=== Data block ===

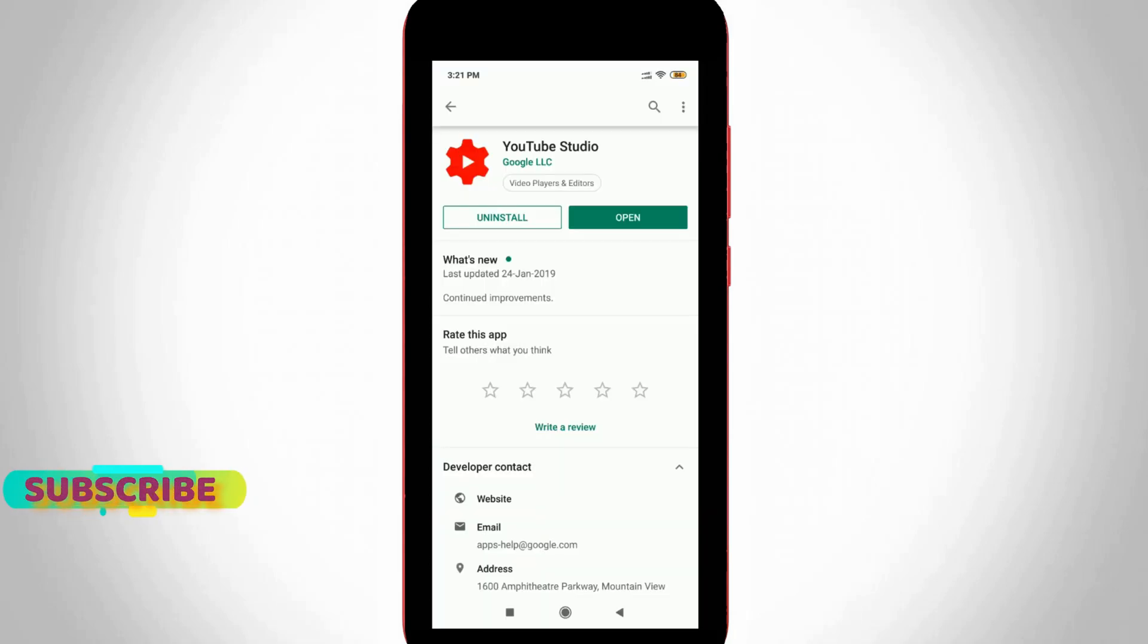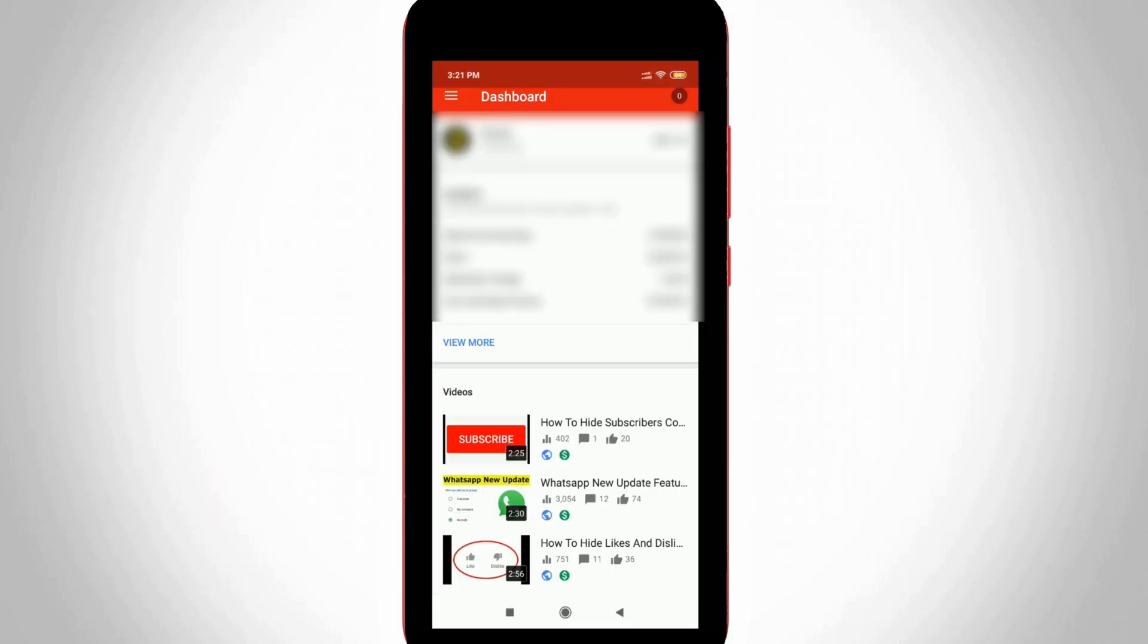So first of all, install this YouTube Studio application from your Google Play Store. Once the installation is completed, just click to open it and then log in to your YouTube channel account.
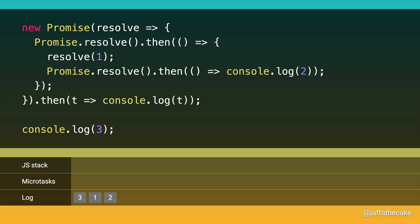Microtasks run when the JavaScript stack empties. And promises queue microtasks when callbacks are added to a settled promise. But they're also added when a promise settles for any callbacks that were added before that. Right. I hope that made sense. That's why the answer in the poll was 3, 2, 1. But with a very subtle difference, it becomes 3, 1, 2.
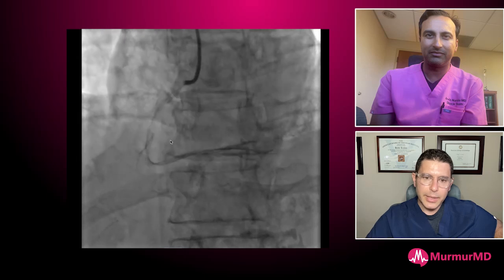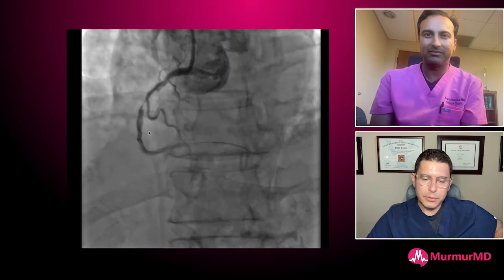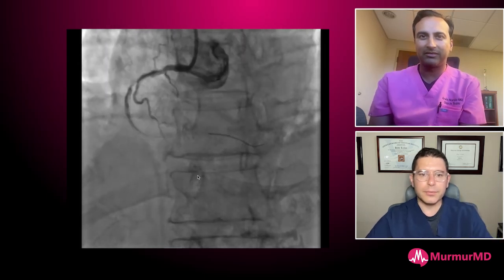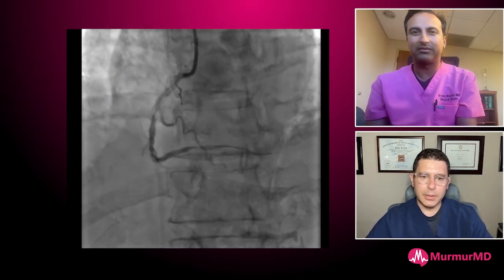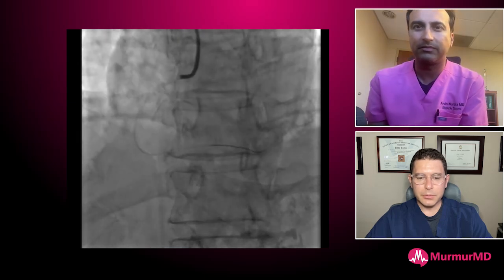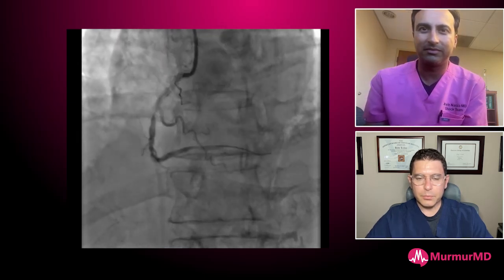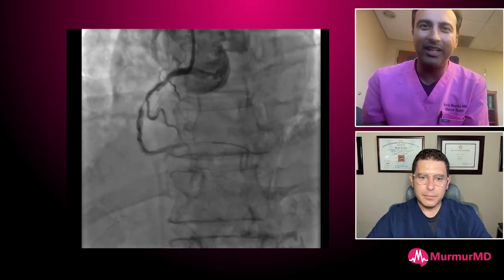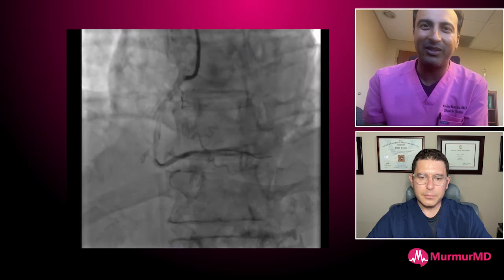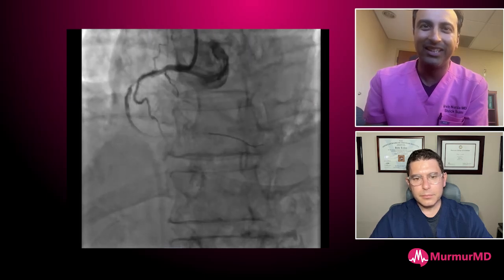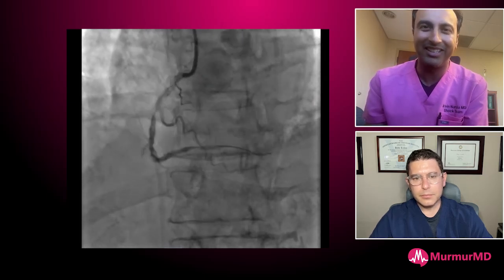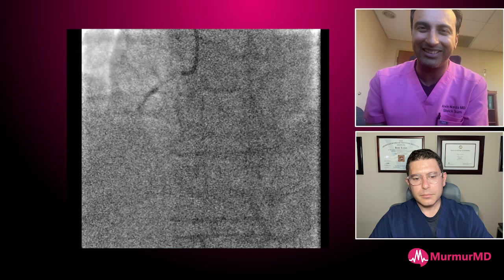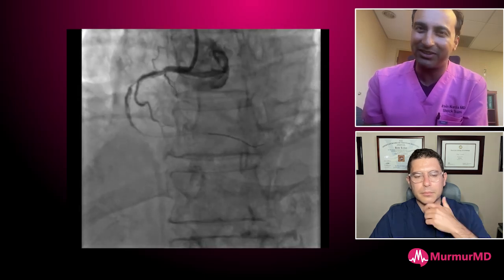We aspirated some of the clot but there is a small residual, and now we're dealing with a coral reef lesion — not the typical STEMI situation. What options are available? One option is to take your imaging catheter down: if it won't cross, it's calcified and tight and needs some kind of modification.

===

▸ Task
Please write out every line of the listing above exactly, and leave the images behind.

▸ Completed task
So first of all, install this YouTube Studio application from your Google Play Store. Once the installation is completed, just click to open it and then log in to your YouTube channel account.
Microtasks run when the JavaScript stack empties. And promises queue microtasks when callbacks are added to a settled promise. But they're also added when a promise settles for any callbacks that were added before that. Right. I hope that made sense. That's why the answer in the poll was 3, 2, 1. But with a very subtle difference, it becomes 3, 1, 2.
We aspirated some of the clot but there is a small residual, and now we're dealing with a coral reef lesion — not the typical STEMI situation. What options are available? One option is to take your imaging catheter down: if it won't cross, it's calcified and tight and needs some kind of modification.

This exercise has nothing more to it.